What Happens When Leadership Teams Stop Performing and Start Leading?
- John Hinds
- 2 days ago
- 2 min read
Last week, I had the chance to facilitate a leadership session at a campus that’s been feeling the weight of fractured trust, constant miscommunication, and unclear expectations. The principal is in her first year in the role, and while the team has potential, the culture just hasn’t clicked.
We used Patrick Lencioni’s Five Dysfunctions of a Team as our anchor. I’ve used this book a dozen times, and every time it brings language to things people feel but don’t know how to name.
I opened the session like this:
“This isn’t about fixing each other. It’s about deciding who we want to be together.”
And something shifted.
They watched the Lencioni video, reflected privately, and then did something bold: they told the truth. They named where they were stuck. They talked about trust, communication, and misalignment. And instead of defending or blaming, they listened.
Here’s what they committed to by the end of the hour:
They’re going to eat lunch together every day to build trust through presence, not formality.

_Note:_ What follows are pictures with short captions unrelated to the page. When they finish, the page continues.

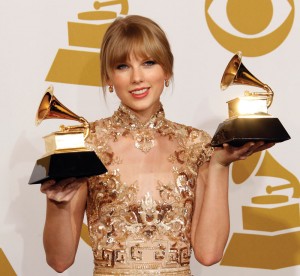 Taylor Swift with her awards at the 54th Annual Grammy Awards at the Staples Center in Los Angeles, California, on Sunday, February 12, 2012.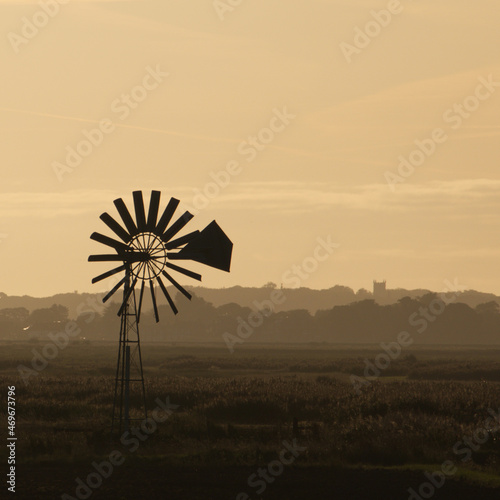 Windmill in orange morning sunrise.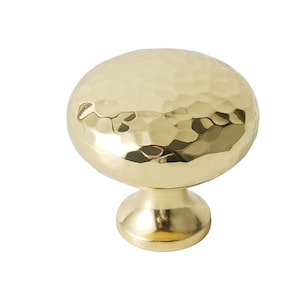 May include: A gold hammered metal cabinet knob with a round top and a short, round base.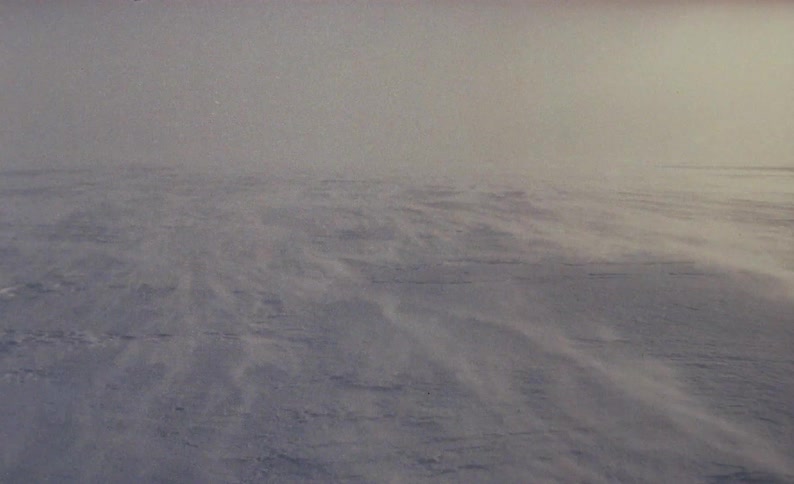 A view of snow blowing on a mountain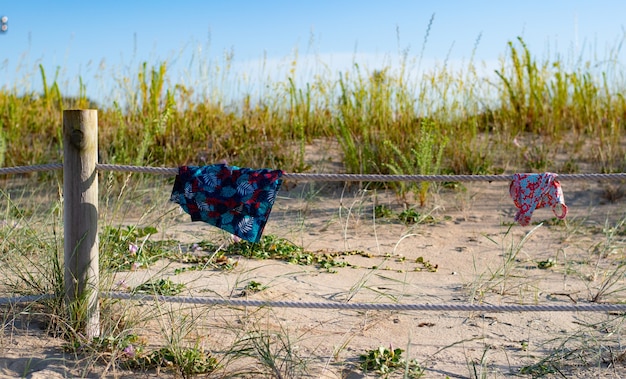 Trocknen Sie die Badeanzüge auf dem Zaun nach einem Bad im Meer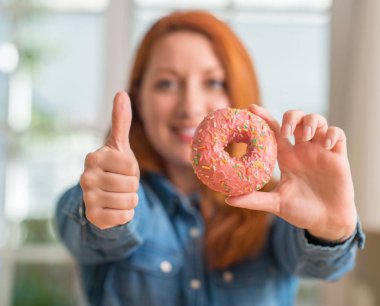 Kızıl saçlı kadın holding çörek, ok işareti yapıyor büyük gülümseme ile mutlu ev, parmaklarıyla, mükemmel işaret parmak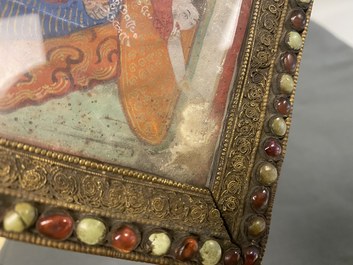 A Tibetan thangka in inlaid gilt brass frame, 19th C.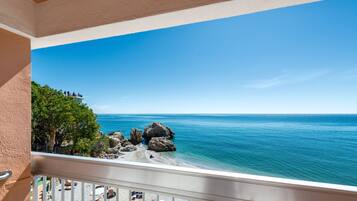 A balcony with a view of a beach, rocky outcrops, and clear blue sea.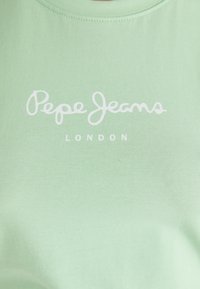 Minta vihreä puuvillapaita, jossa on valkoinen käsin kirjoitettu logo "Pepe Jeans" ja "LONDON" sen alla. Lyhyet hihansuut ja pyöreä kaula-aukko.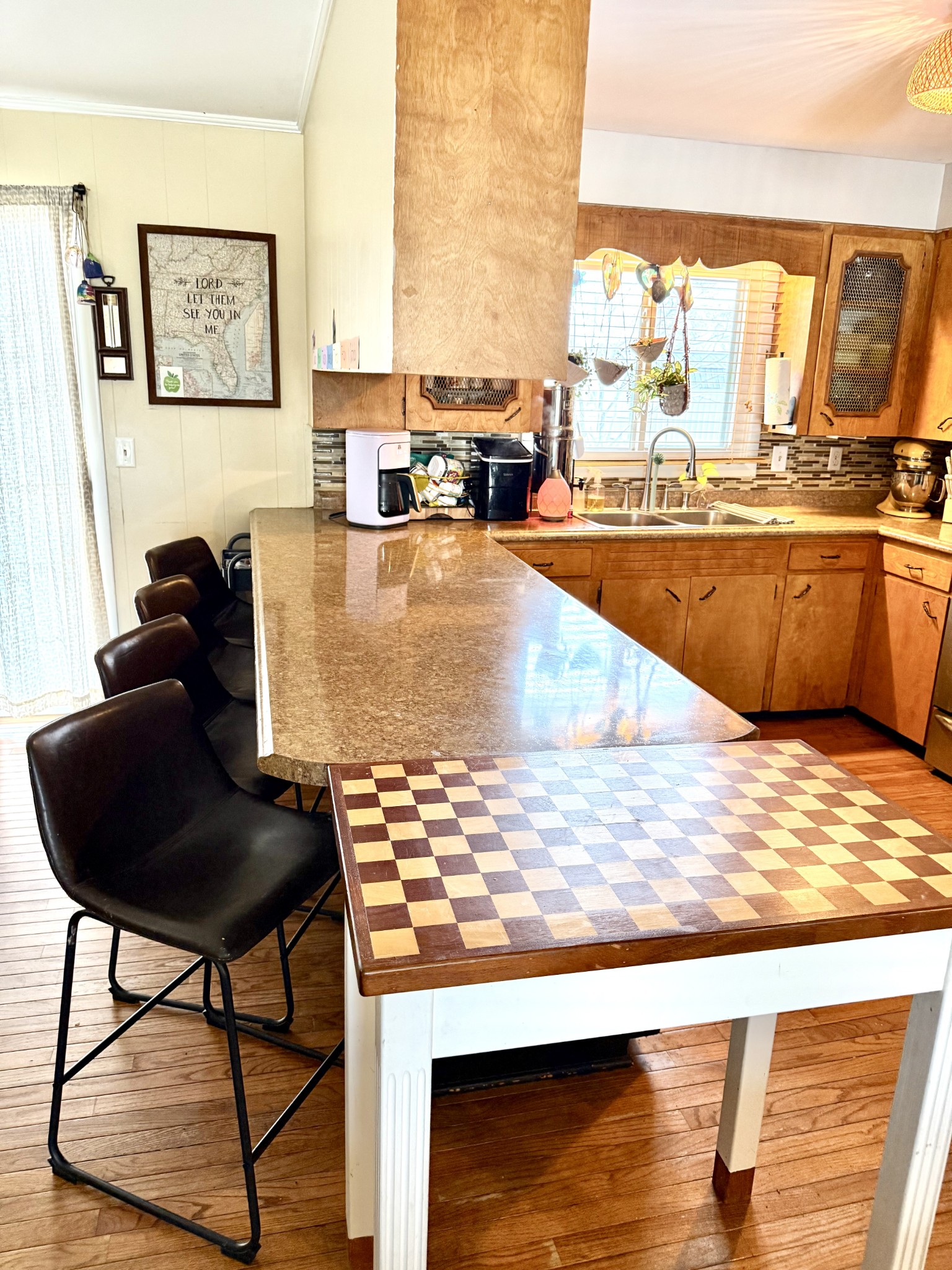 1503 Frances Street Lawrenceburg, TN 38464 - Photo 24 of 44 a living room with couches and a dining table with wooden floor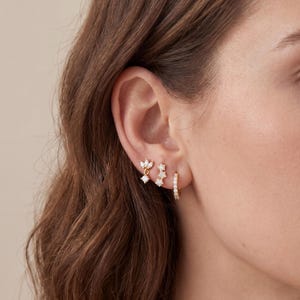 Könnte beinhalten: Drei goldfarbene Ohrringe an einem Ohr. Der erste ist ein kleiner Hänger mit einem marquise-geschliffenen Stein, der zweite ein linearer Stecker mit drei kleinen runden Steinen und der dritte ein kleiner Creolen-Ohrring mit kleinen klaren Steinen.
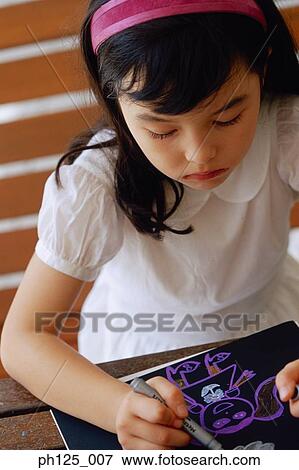 Stock Photo - Portrait of a young girl drawing. Fotosearch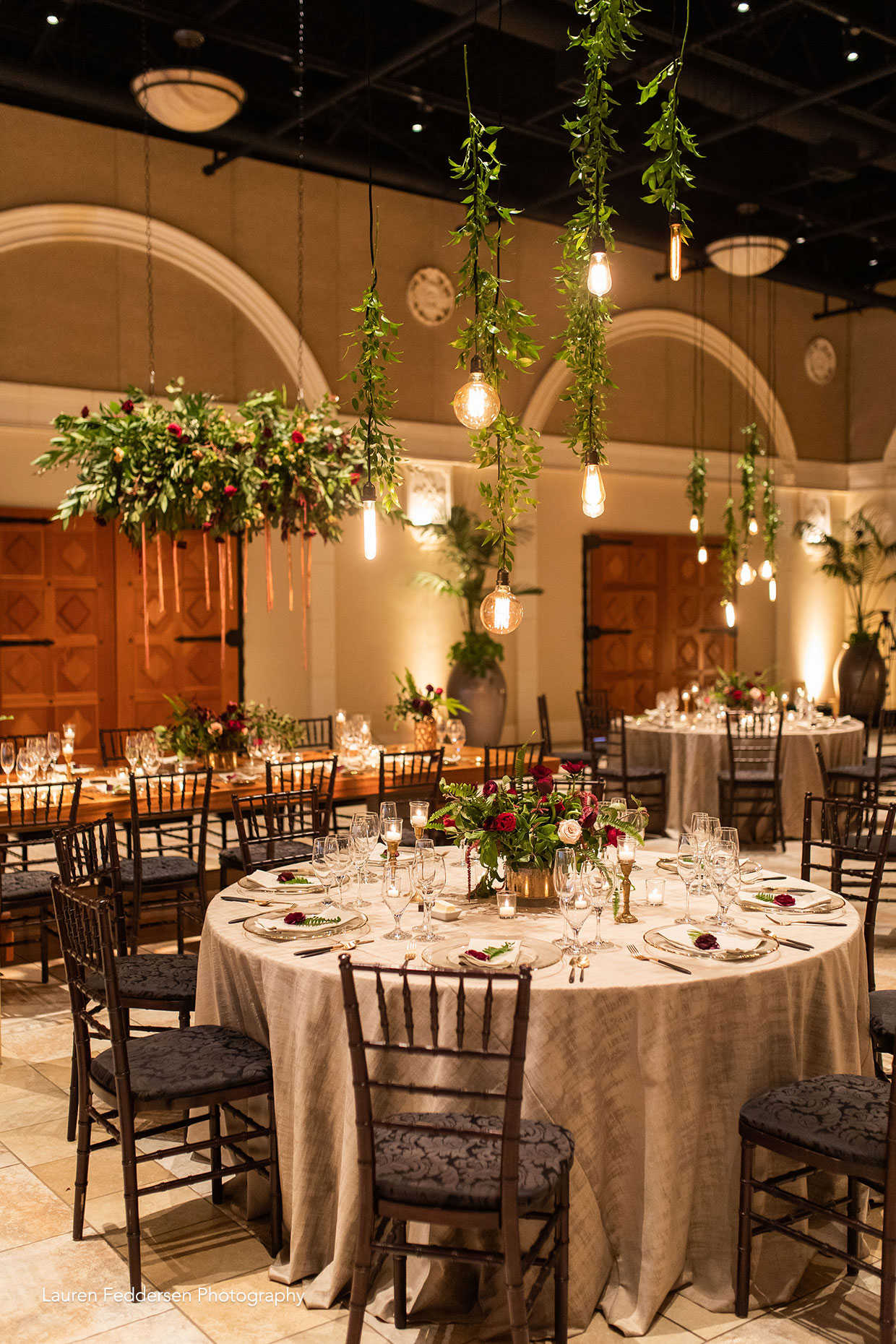 Unique boho wedding reception with hanging greenery and Edison light bulbs at Casa Real at Ruby Hill Winery (www.casarealevents.com).  Photo by: Lauren Feddersen Photography; Florals (and floral chandelier): Nicole Ha Design; Lighting: Fantasy Sound Event Services; Linen: Pleasanton Rentals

Each leader will identify their top five personal values and share the stories behind them.
They’ll roll out the Five Dysfunctions model to their staff as a framework and shared language.
And they’ll say clearly, “We’re setting the tone for the culture we want to build.”
They’ll begin modeling vulnerability in small, consistent ways: reflection questions at PLCs, storytelling in team meetings, turning inward instead of outward when challenges come up.
They’re not waiting on a new program. They’re not blaming the staff. They’re leading with clarity and humility.
If your leadership team feels stuck, disconnected, or quietly resentful, don’t ignore it. Most dysfunction isn’t about capability but about the courage to say, “We want better. And we’ll go first.”